Start of DATASET EXCERPTS
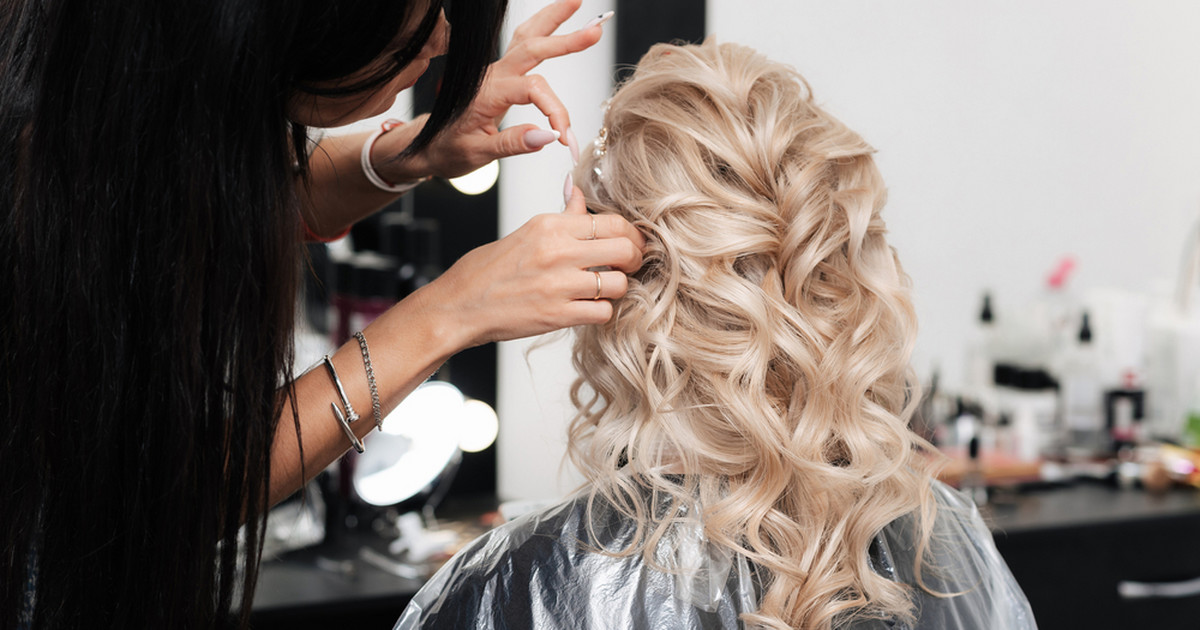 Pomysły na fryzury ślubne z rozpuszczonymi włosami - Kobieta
End of DATASET EXCERPTS
Start of DATASET EXCERPTS
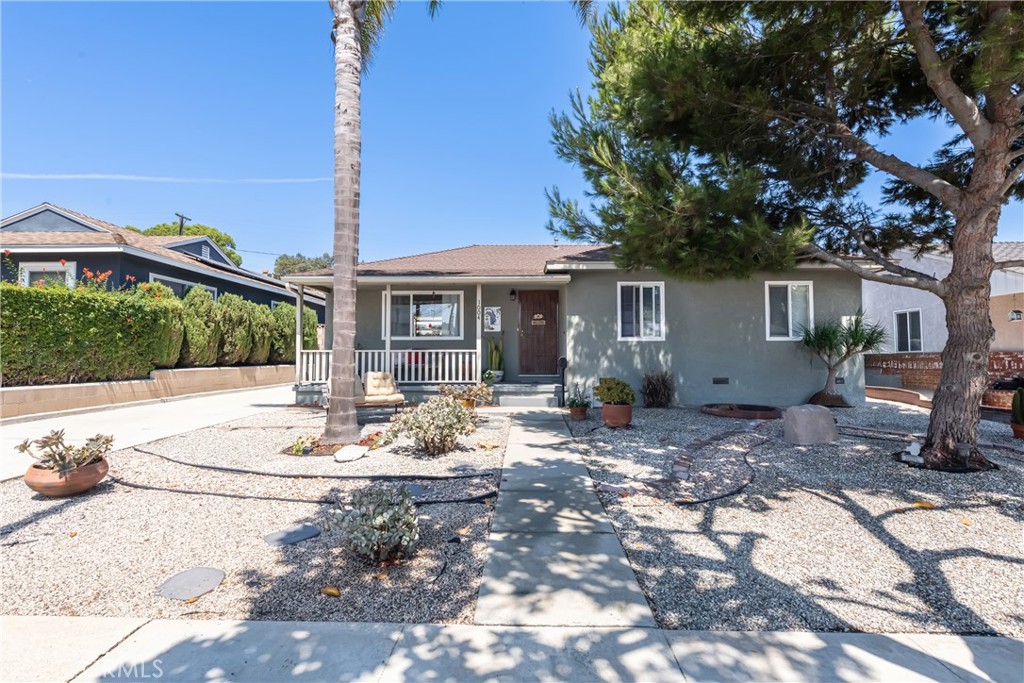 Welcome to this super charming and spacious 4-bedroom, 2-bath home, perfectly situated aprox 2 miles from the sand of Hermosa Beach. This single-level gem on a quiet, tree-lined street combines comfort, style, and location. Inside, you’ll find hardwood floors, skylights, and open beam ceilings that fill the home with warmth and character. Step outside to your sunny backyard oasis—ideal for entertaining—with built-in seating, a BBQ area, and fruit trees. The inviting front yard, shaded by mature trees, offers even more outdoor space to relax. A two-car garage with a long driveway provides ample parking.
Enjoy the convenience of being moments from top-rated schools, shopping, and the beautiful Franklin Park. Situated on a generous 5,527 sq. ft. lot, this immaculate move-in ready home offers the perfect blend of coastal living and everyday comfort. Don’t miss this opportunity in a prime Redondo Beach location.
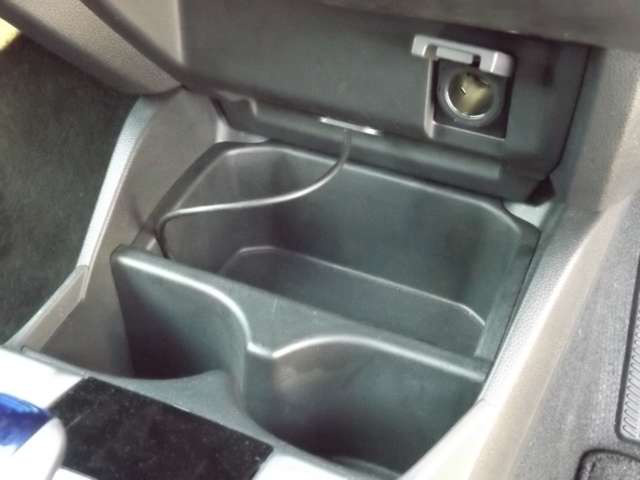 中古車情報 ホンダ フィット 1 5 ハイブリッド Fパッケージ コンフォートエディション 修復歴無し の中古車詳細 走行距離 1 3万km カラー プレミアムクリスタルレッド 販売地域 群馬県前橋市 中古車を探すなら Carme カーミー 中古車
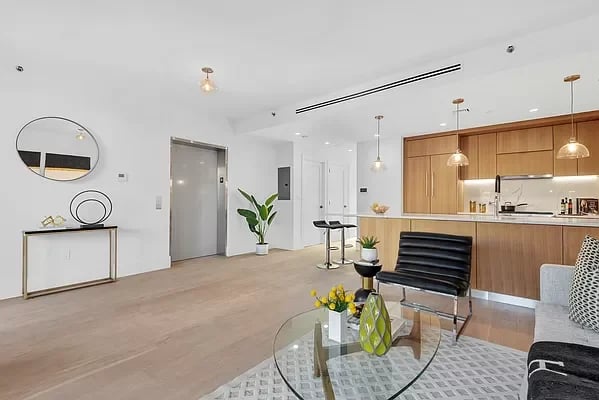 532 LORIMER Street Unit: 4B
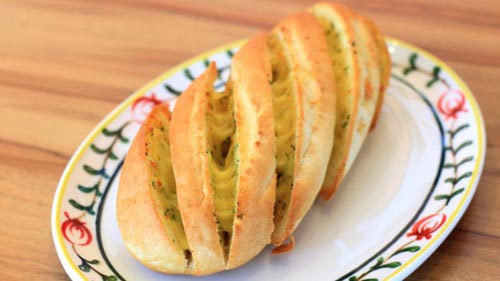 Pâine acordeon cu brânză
End of DATASET EXCERPTS
TASK
In the entries above, find the line that contains "532 LORIMER Street Unit: 4B" and the line that contains "Pâine acordeon cu brânză". Reproduce exactly those two lines and every line between them, but not the pictures.

TASK OUTPUT
 532 LORIMER Street Unit: 4B
 Pâine acordeon cu brânză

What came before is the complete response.